Ермоленко говорит долго, и Катерина внимательно её слушает. Найти положение для спокойного сна необходимо. Необходимо нормально есть. Необходимо много ходить, причём ходить надо на свежем воздухе.

Сорок минут находится Ермоленко в кабинете.

Ермоленко — за порог, Катерина смотрит на часы — без двадцати четыре. А записано пятнадцать человек. Всеволод уже скоро поедет домой.

Слёзы щиплют глаза. Но не может же она бросить людей, пришедших к ней за помощью!

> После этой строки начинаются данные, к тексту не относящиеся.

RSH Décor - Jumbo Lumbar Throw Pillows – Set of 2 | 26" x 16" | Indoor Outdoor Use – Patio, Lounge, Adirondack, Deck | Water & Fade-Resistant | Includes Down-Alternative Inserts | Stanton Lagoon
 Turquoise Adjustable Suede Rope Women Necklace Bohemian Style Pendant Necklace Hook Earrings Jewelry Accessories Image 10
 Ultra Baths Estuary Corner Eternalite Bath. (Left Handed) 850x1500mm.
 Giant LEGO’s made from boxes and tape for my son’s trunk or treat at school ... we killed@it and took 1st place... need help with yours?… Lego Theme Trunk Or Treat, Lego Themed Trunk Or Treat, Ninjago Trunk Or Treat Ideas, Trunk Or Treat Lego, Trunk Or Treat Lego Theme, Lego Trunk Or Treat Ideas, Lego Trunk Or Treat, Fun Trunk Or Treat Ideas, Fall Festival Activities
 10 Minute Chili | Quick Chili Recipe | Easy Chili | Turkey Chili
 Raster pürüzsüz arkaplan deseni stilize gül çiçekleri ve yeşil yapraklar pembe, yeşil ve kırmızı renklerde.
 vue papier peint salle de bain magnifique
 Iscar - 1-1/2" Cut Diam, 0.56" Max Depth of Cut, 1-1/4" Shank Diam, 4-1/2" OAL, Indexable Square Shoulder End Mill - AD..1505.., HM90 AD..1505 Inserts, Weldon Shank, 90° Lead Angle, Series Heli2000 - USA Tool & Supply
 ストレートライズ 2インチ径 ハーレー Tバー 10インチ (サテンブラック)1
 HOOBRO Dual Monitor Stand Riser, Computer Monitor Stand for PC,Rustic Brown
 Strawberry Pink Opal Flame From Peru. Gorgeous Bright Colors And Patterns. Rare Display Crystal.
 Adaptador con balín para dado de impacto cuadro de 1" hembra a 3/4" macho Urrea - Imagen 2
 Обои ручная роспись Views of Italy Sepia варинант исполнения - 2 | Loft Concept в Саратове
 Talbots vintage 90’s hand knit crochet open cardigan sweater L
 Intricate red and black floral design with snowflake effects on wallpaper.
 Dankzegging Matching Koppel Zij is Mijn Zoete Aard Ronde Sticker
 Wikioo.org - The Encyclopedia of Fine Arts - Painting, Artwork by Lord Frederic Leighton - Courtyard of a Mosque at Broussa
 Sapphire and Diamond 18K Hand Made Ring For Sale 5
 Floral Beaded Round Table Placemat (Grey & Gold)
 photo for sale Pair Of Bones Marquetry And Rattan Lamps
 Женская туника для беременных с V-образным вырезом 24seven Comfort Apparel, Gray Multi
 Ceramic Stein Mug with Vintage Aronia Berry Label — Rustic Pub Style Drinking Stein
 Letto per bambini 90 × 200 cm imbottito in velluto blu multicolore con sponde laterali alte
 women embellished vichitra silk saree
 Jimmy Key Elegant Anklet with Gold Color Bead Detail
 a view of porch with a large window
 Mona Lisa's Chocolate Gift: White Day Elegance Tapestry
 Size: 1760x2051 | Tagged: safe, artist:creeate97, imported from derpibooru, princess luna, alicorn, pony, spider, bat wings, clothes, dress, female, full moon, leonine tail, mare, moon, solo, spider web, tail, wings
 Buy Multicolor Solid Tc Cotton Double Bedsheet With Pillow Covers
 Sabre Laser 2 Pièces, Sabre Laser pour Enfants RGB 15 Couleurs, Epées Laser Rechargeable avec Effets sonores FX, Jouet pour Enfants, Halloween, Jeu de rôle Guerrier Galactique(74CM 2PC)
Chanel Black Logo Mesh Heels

— Здравствуйте, Катерина Фёдоровна!

Перед ней — Вера. Грудь сильно обнажена, хотя зима на дворе, волосы взбиты. Цвет — искусственный, бело-жёлтый, понять невозможно, какие они были раньше. Глаза обведены синим, брови выщипаны, губы жирно накрашены.

Несмотря на вызывающий Верин вид, Катерине очень жалко Веру. Мужа не предвидится. Решила оставить ребёнка от любовника, а вместо ребёнка — выкидыши, один за другим. Сейчас третья попытка.

Губы у Веры дрожат, в глазах стоят слёзы, Вера платком промокает их, чтобы они не смыли краску с ресниц.

— У тебя невынашиваемость, нужно лечь в больницу, — говорит ей Катерина.

— А кормить меня будете вы?! И так получаю копейки, а зарабатываю их потом. У меня ведь ни обеспеченного папочки, ни мужа. Я ведь была незаконнорожденная, хлебнула нужды.

Каждый раз говорит Вера об этом. Кричит об этом на всех перекрёстках.

«Смой с себя краску, — хочет сказать ей Катерина, — ты и так хорошенькая. Глаза у тебя и так большие, нос аккуратный. И добрая ты очень. Может, найдётся серьёзный человек? На такую крашеную куклу разве позарится кто?» Но Катерина ничего такого не говорит Вере, она не проповедник, не учитель, не родитель, не судья Вере. Вере, слава Богу, за тридцать, сама разберётся.

— Нужно провести операцию, — упрямо говорит Катерина. — Без операции не выносишь.

— А Виктор, — мучительно краснеет Вера, — пока другую найдёт?

— Или ребёнок, или Виктор, — Катерина сжимает холодную Верину руку. — Стать матерью — дело серьёзное, иногда приходится перестраивать жизнь! Я думаю, это хорошего мужа найти трудно, а любовник всегда найдётся. Ну что ревёшь?